Lors des débats parlementaires sur les questions du personnel fédéral, le moniteur de vote montre une image uniforme de la salle. La gauche vote en bloc contre les réductions, tandis que toute la droite vote pour. Toute? Non, car un irréductible point rouge émerge souvent au milieu de l'océan vert des sièges de l'UDC. 

Il s'agit du siège du conseiller national Jean-Luc Addor. Récemment encore, lorsque le Parlement a décidé de plafonner le nombre d'emplois à temps plein, le Valaisan a été le seul politicien UDC à s'opposer à la motion de son chef de groupe parlementaire Thomas Aeschi.

Un UDC à la fibre sociale

Cette position n'est pas le fruit du hasard. En juin, Jean-Luc Addor a été élu président du syndicat du personnel douanier Garanto. Il s'est imposé face au conseiller national PS Emmanuel Amoos. C'est la première fois qu'un homme politique de l'UDC est à la tête d'un syndicat national.

Les opinions politiques de Jean-Luc Addor le situent en réalité au niveau de l'aile droite de son parti. Sur Facebook, il a un jour appelé au rétablissement de la peine de mort, et en 2020, il a été condamné pour discrimination raciale. Pourquoi donc s'engager dans le mouvement syndical? Après tout, Garanto fait partie de l'Union syndicale suisse (USS), qui et est traditionnellement aux mains de la gauche.

Le rôle de Jean-Luc Addor est moins surprenant qu'il n'y paraît à première vue. Il a la fibre sociale: contrairement à son parti, il s'est ouvertement engagé pour la 13e rente AVS et s'est opposé à la réforme de la LPP.

En outre, il a une sympathie particulière pour les employés de la Confédération. Fils d'un fonctionnaire de la Poste, il ne les a jamais considérés comme de «simples postes dans le budget», mais plutôt comme des personnes «chargées d'effectuer les tâches qui leur sont confiées par le Parlement». «Leur statut mérite le respect et parfois plus d'estime», déclare-t-il à Blick.

Un office fédéral en pleine mutation

Jean-Luc Addor a pris la présidence de Garanto dans une phase délicate, c'est sans doute aussi pour cela qu'il s'oppose avec autant de véhémence aux coupes budgétaires.
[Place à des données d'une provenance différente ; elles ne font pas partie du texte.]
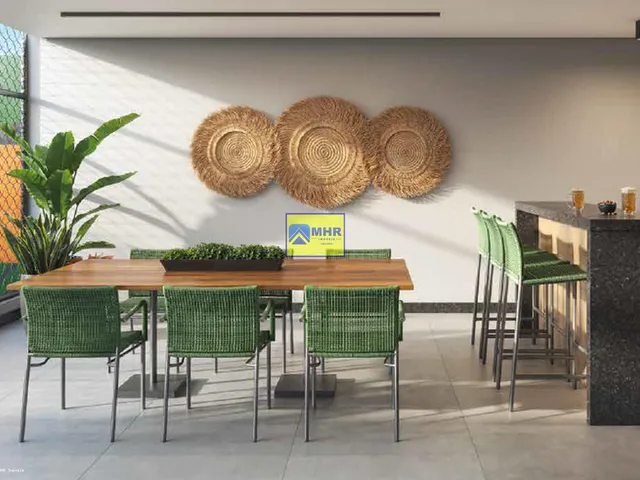 Imagem 7: Apartamento para Venda em Vitória / ES no bairro Jardim Camburi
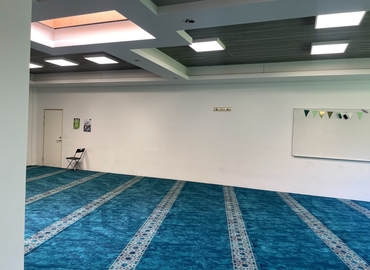 Kontor til leje på Edwin Rahrs Vej 32N, 8220 Brabrand - 139 m² | Foto 5 - Lokalebasen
Un vaste programme de transformation est actuellement en cours à l'Office fédéral des douanes et de la sécurité des frontières (OFDT). Au sein de ce dernier, presque aucune pierre n'a été épargnée par la tempête. 

L'ambiance au sein du personnel est «sombre», selon Jean-Luc Addor. «L'incertitude et l'inquiétude dominent, car les collaborateurs n'ont toujours aucune certitude quant à leur nouveau profil professionnel et à leur classe salariale.»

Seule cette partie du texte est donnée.